### DATASET CONTENT
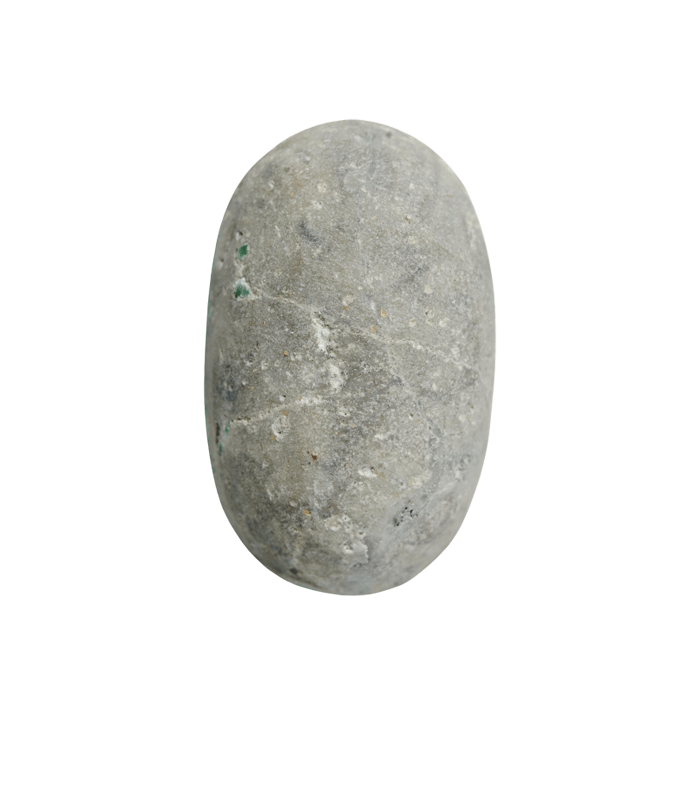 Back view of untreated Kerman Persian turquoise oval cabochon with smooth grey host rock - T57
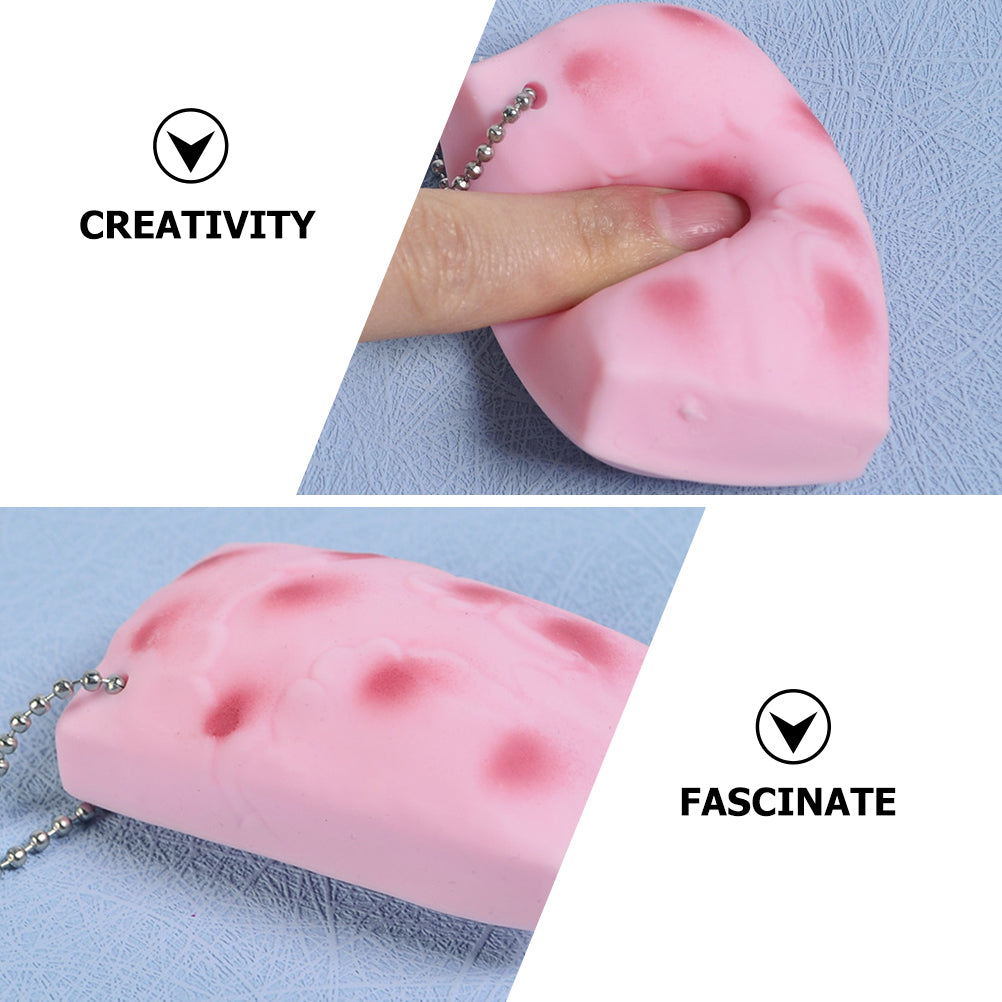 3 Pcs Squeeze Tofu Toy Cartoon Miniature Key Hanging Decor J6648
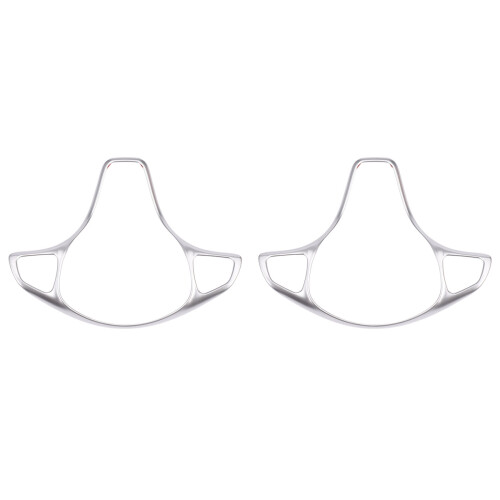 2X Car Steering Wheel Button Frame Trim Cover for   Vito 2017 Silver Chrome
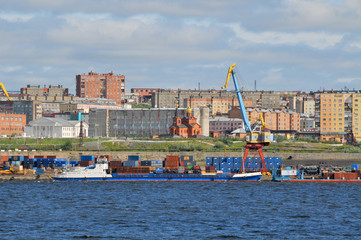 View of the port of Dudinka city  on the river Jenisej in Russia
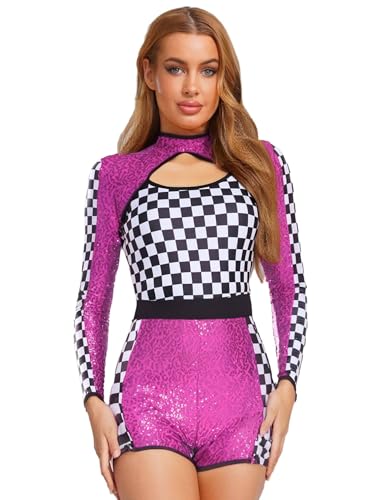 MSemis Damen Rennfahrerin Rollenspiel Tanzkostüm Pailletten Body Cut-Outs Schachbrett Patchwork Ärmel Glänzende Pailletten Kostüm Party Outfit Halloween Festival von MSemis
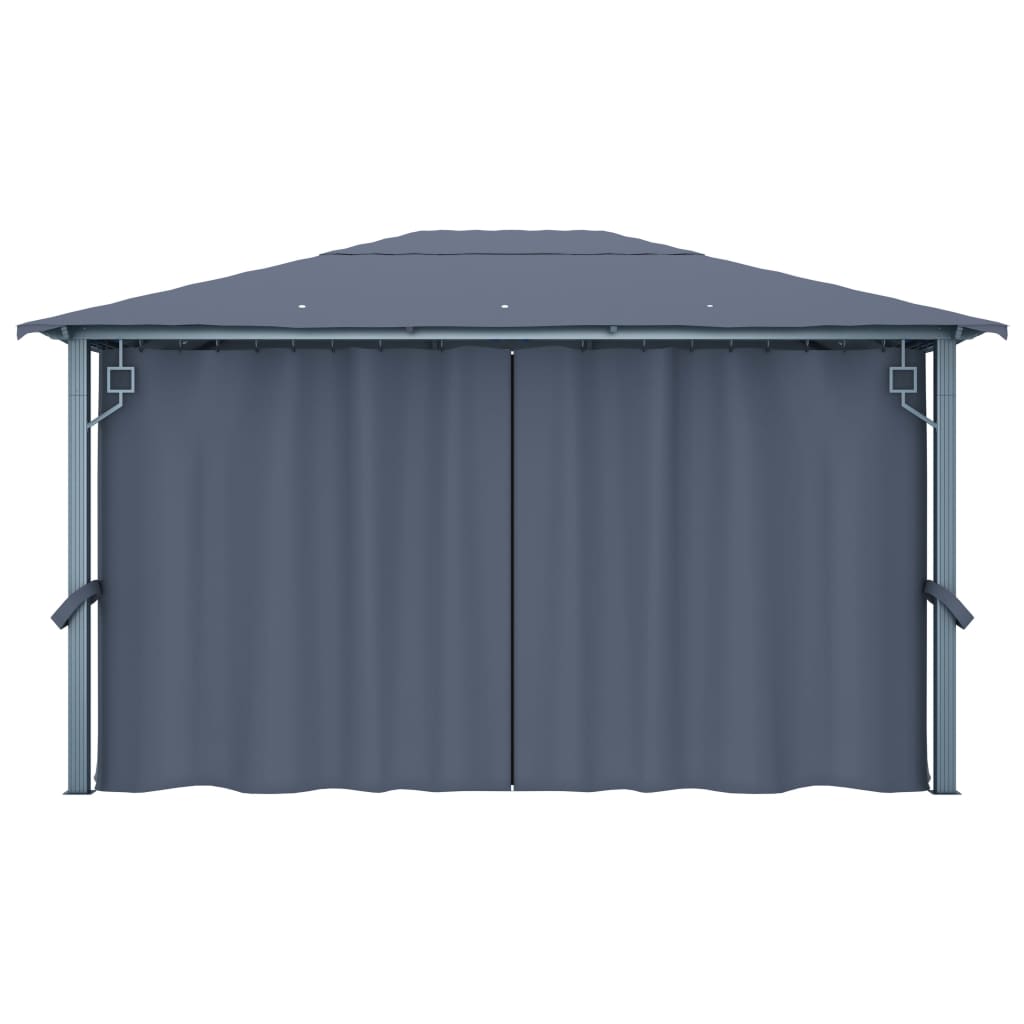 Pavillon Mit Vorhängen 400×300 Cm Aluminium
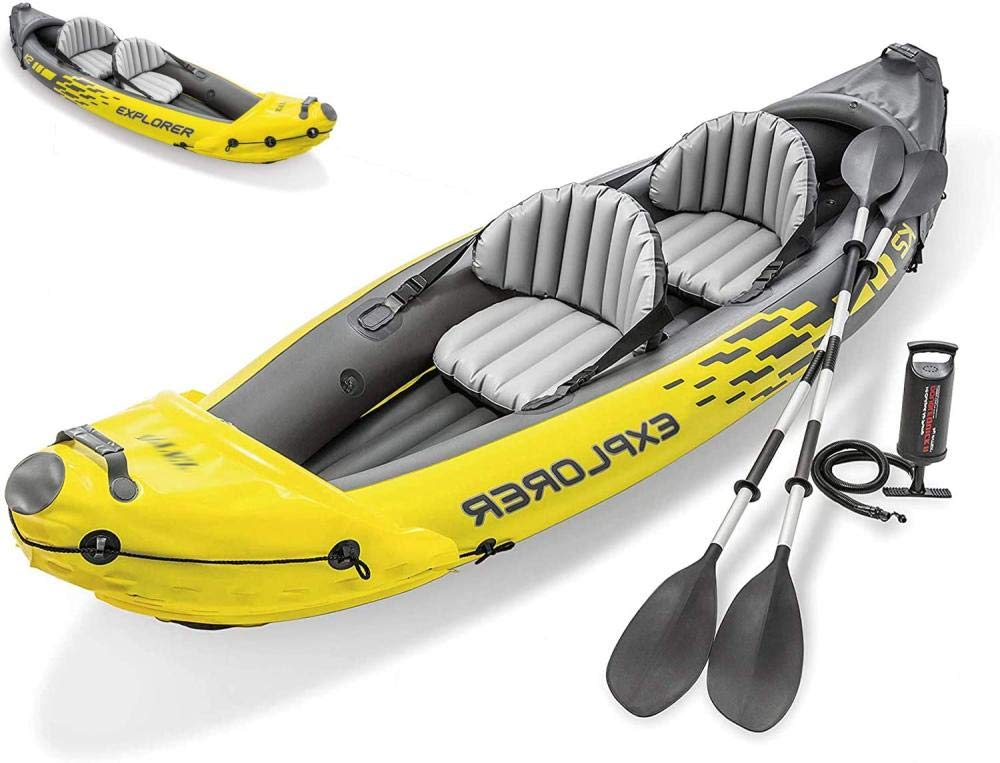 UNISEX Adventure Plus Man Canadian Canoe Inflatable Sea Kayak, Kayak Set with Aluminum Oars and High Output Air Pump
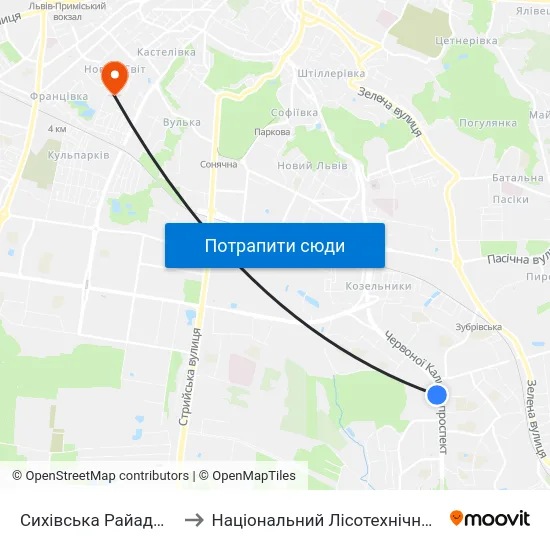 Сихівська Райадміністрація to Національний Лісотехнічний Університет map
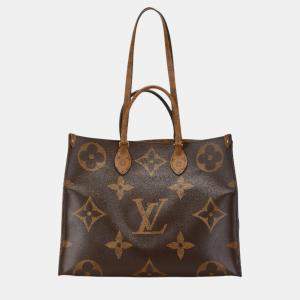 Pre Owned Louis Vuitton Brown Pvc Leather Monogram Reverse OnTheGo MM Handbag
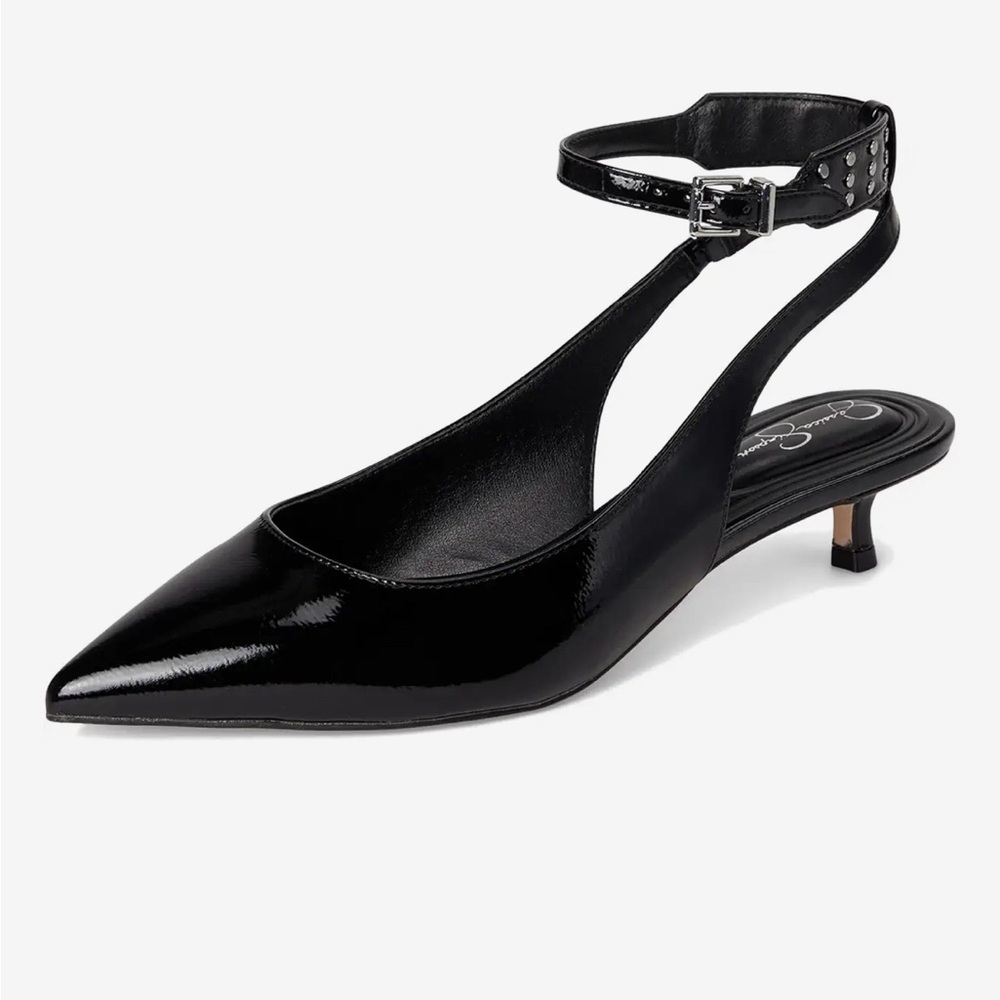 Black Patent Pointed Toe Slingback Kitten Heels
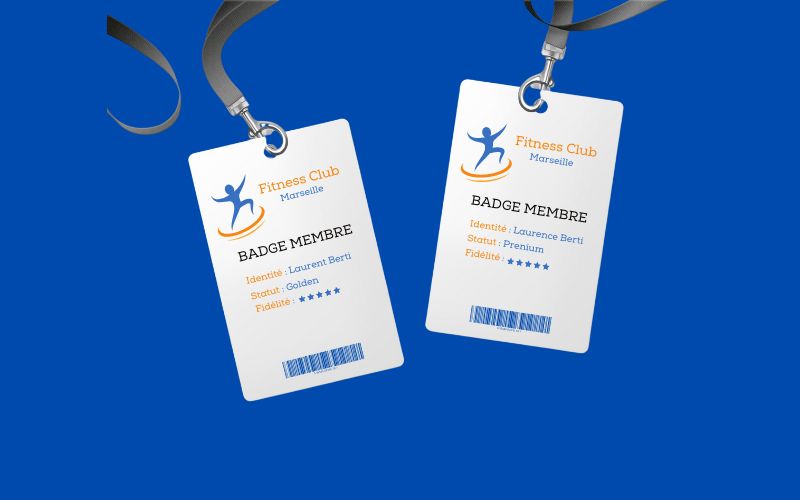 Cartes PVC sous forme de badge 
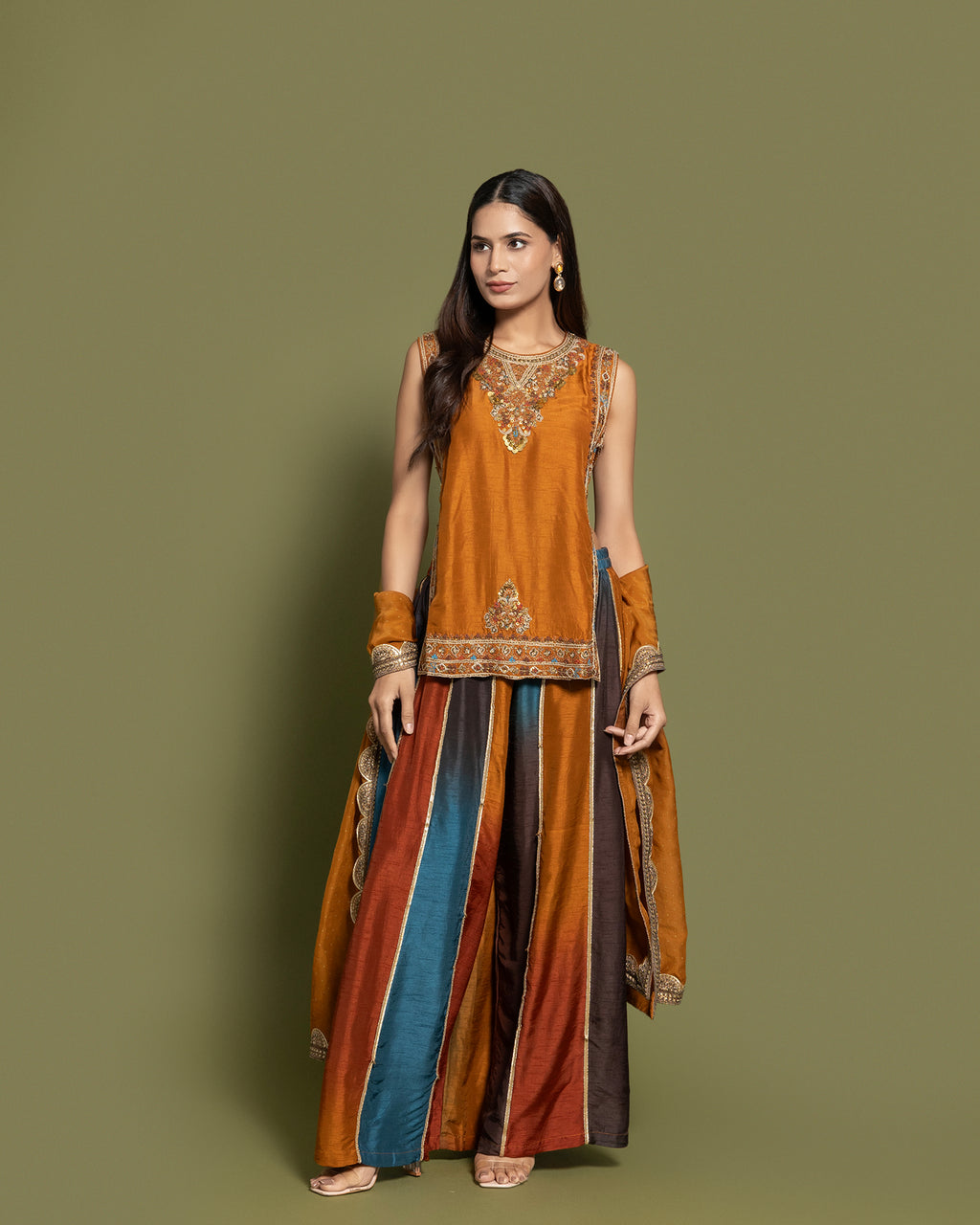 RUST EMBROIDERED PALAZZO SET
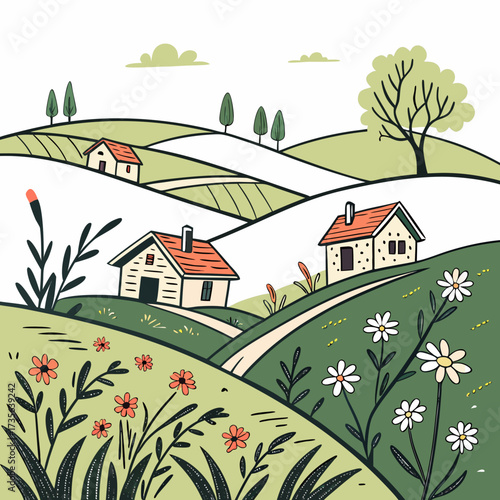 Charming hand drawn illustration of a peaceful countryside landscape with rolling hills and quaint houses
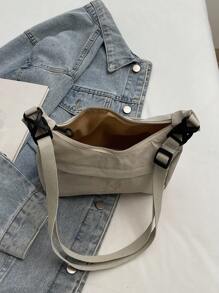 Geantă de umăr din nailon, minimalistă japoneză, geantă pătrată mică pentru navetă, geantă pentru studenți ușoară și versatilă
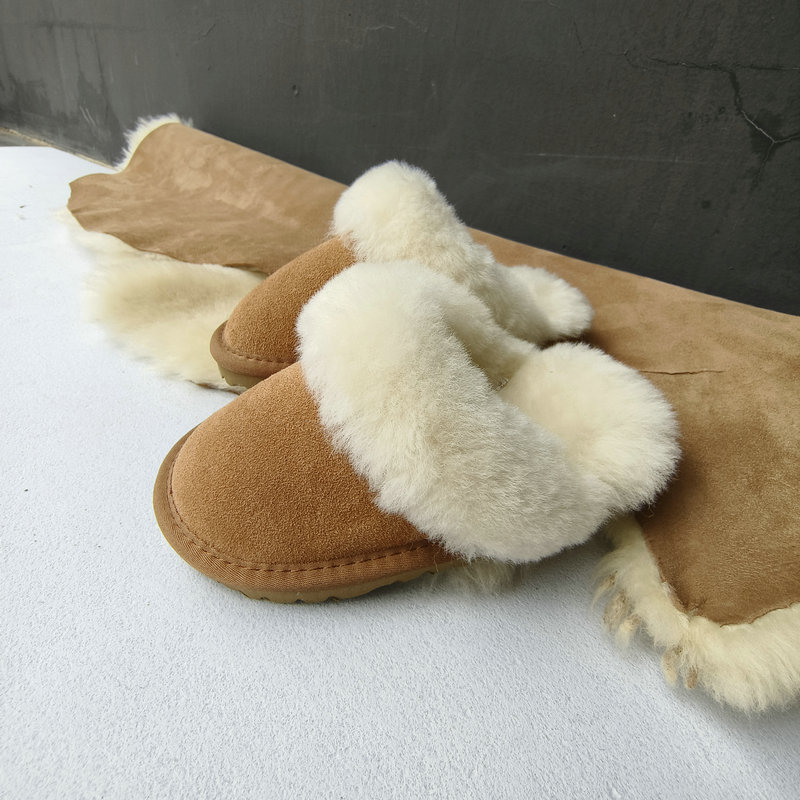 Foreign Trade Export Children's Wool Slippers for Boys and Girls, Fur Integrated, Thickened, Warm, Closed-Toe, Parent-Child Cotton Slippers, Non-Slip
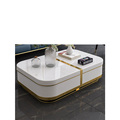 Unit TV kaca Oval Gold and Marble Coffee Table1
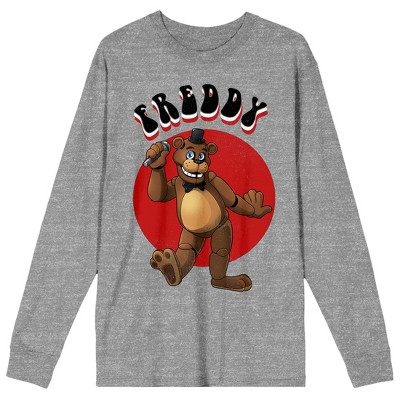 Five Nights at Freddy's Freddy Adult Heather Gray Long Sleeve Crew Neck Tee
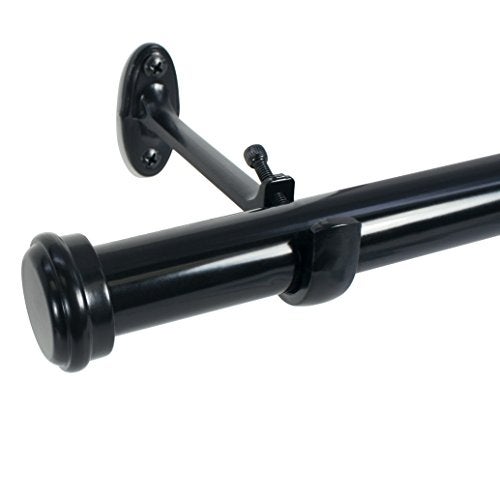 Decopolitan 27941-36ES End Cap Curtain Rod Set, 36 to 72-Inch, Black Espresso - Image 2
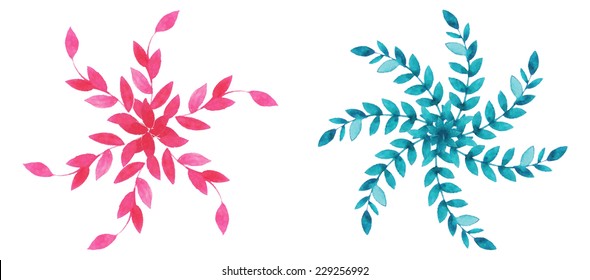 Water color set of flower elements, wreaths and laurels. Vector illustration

### GOAL OF THE EXERCISE
Everything from the first line of the records through the line containing "View of the" should be reproduced exactly, apart from the pictures.

### YOUR SOLUTION
 Back view of untreated Kerman Persian turquoise oval cabochon with smooth grey host rock - T57
 3 Pcs Squeeze Tofu Toy Cartoon Miniature Key Hanging Decor J6648
 2X Car Steering Wheel Button Frame Trim Cover for   Vito 2017 Silver Chrome
 View of the port of Dudinka city  on the river Jenisej in Russia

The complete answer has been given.